Épico baseado em Homero arrecada US$ 264 milhões no primeiro fim de semana mundial, enquanto heroína da DC enfrenta uma corrida comercial mais difícil.
O cinema de grande escala viveu um contraste marcante nas bilheterias. Enquanto The Odyssey, novo longa de Christopher Nolan, conquistou uma estreia impressionante e reafirmou o poder do diretor como uma das maiores marcas de Hollywood, Supergirl, da DC Studios, teve uma trajetória bem mais complicada em sua passagem pelos cinemas.
A adaptação da clássica epopeia de Homero chegou aos cinemas arrecadando aproximadamente US$ 264 milhões mundialmente em seu primeiro fim de semana, com cerca de US$ 124,5 milhões na América do Norte e US$ 139,6 milhões nos mercados internacionais.
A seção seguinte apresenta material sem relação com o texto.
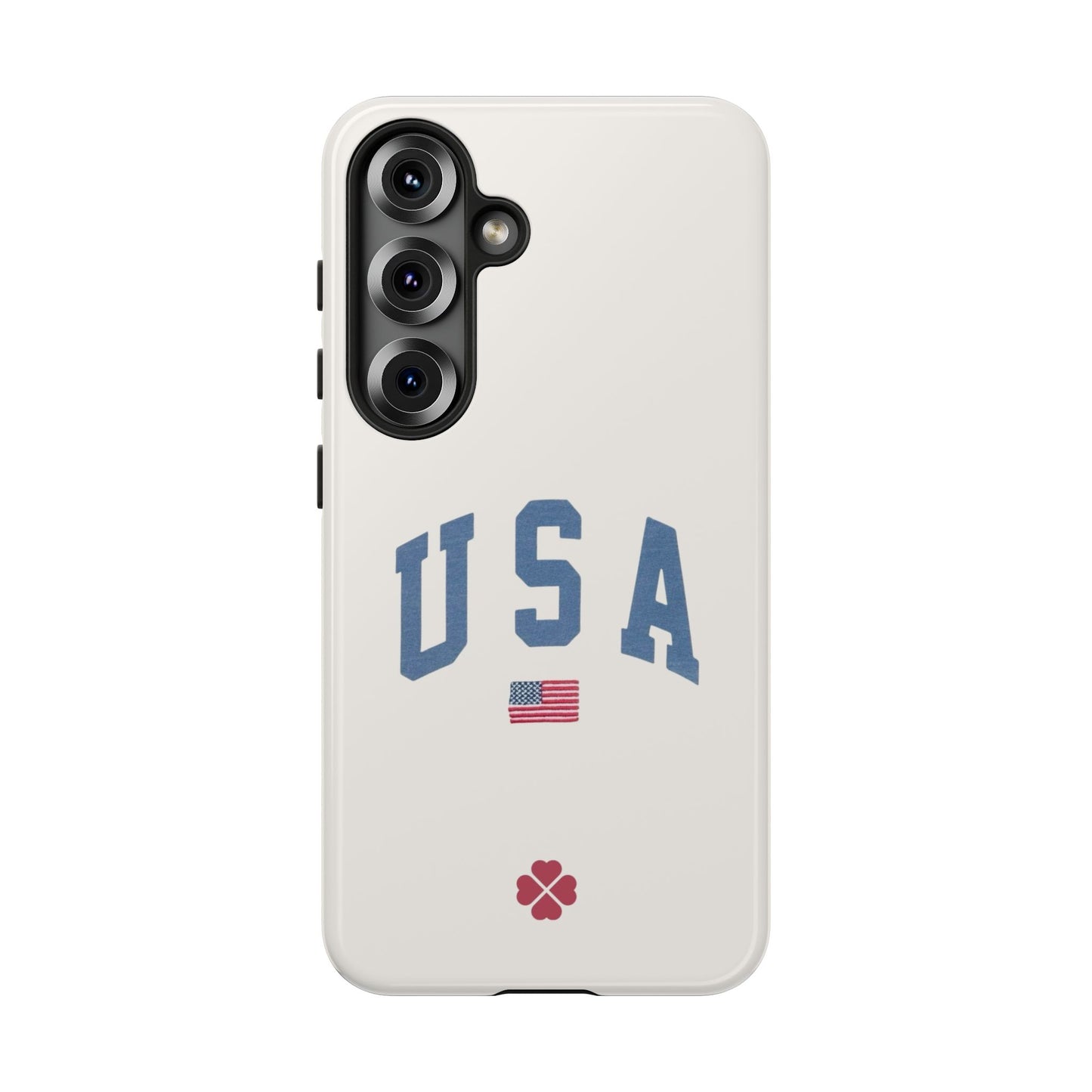 USA Phone Case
O resultado colocou o filme entre as maiores estreias da carreira de Nolan.
Nolan transforma mitologia grega em evento cinematográfico
Estrelado por Matt Damon no papel de Odisseu, The Odyssey acompanha a longa jornada do rei de Ítaca após a Guerra de Troia, enfrentando criaturas mitológicas, perigos sobrenaturais e desafios que testam sua inteligência e resistência.
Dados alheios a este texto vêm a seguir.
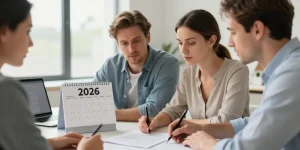 loi pour achat immobilier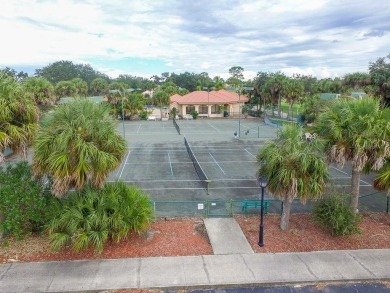 Located within the community of Seminole Lakes on a cul de sac on Seminole Lakes Country Club in Florida - for sale on GolfHomes.com, golf home, golf lot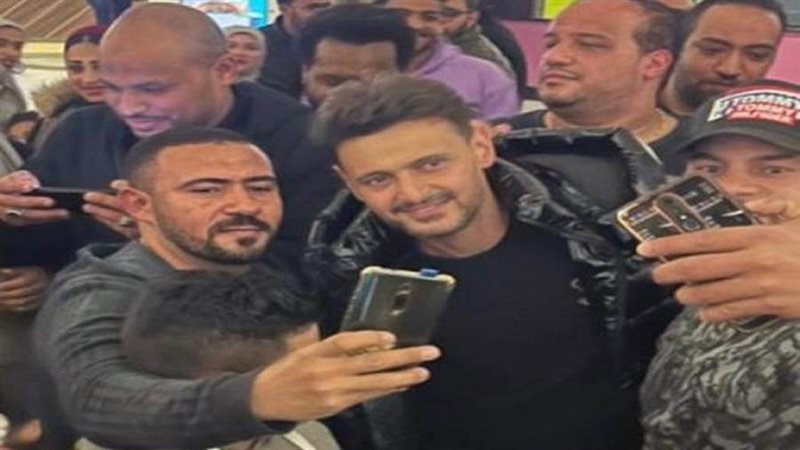 الشورى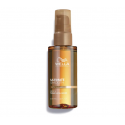 Wella ULTIMATE SMOOTH Miracle Oil Serum 30 ml Wella ULTIMATE SMOOTH Miracle Oil Serum 30 ml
O filme também conta com um elenco repleto de grandes nomes, incluindo Tom Holland, Anne Hathaway, Zendaya e outros astros de Hollywood. A produção chamou atenção pelo uso de câmeras IMAX e pela escala visual característica de Nolan.
Além do desempenho comercial, o longa recebeu uma resposta positiva do público, reforçando a expectativa de uma longa permanência nas salas de cinema.
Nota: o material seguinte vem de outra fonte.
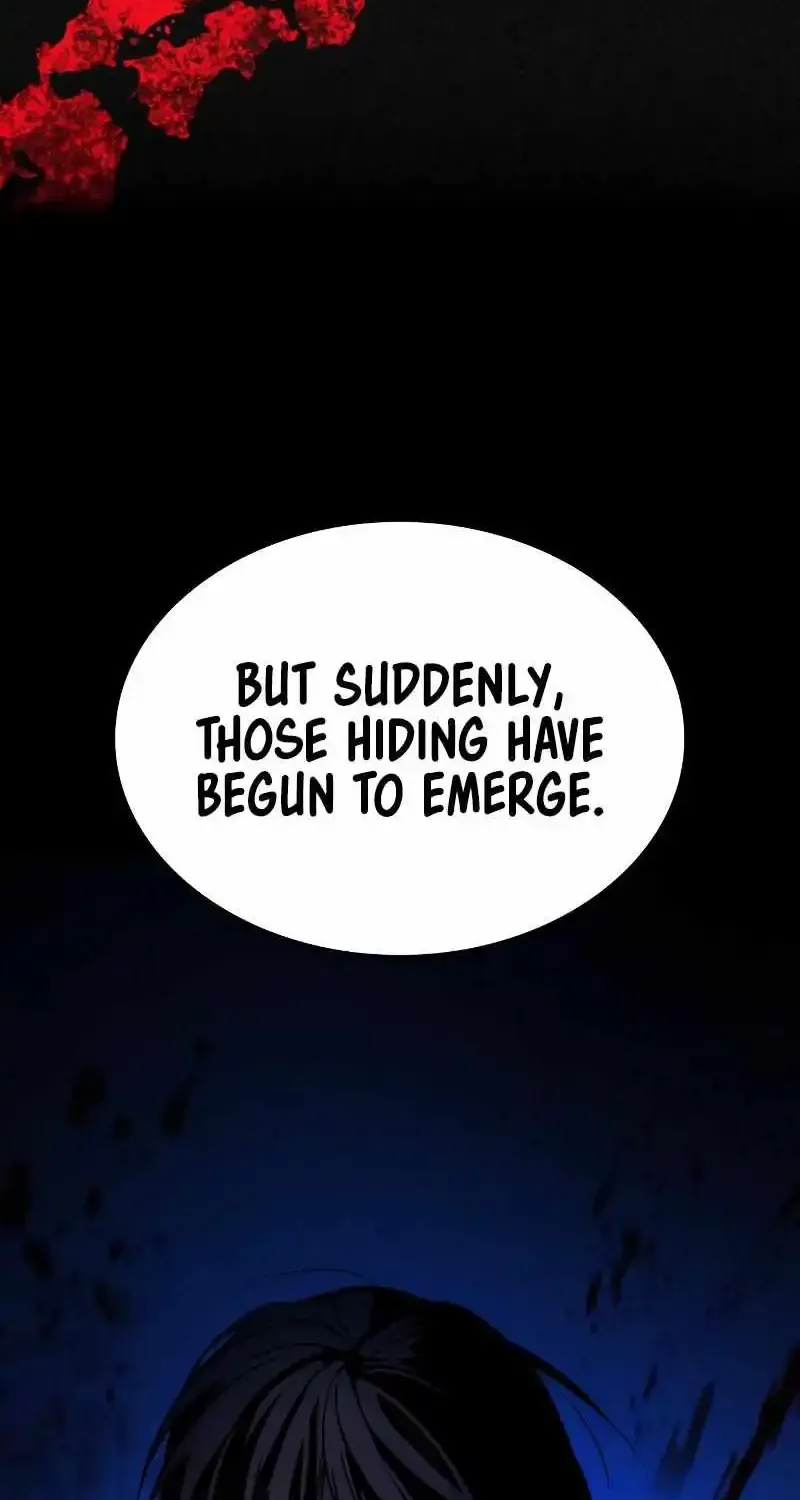 Day Walker Zinmanga X Chapter 19 Page 100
‘Supergirl’ enfrenta dificuldades para conquistar o público
Do outro lado da disputa, Supergirl, estrelado por Milly Alcock, não conseguiu alcançar o mesmo impacto. O filme acumulou aproximadamente US$ 121 milhões em bilheteria mundial, com cerca de US$ 70,6 milhões no mercado doméstico e US$ 50,9 milhões internacionalmente.
A produção chegou aos cinemas como uma das primeiras grandes apostas da nova fase da DC Studios, mas encontrou dificuldades para transformar o interesse pela personagem em um grande fenômeno comercial.
Apesar da presença de uma heroína conhecida dos quadrinhos e da conexão com o universo do Superman, o longa teve uma recepção comercial abaixo das expectativas, aumentando os debates sobre o futuro das grandes franquias de super-heróis.
Uma mudança no comportamento do público
O contraste entre os dois lançamentos reforça uma tendência recente da indústria: o público parece estar mais seletivo com grandes produções, mesmo quando elas fazem parte de universos populares.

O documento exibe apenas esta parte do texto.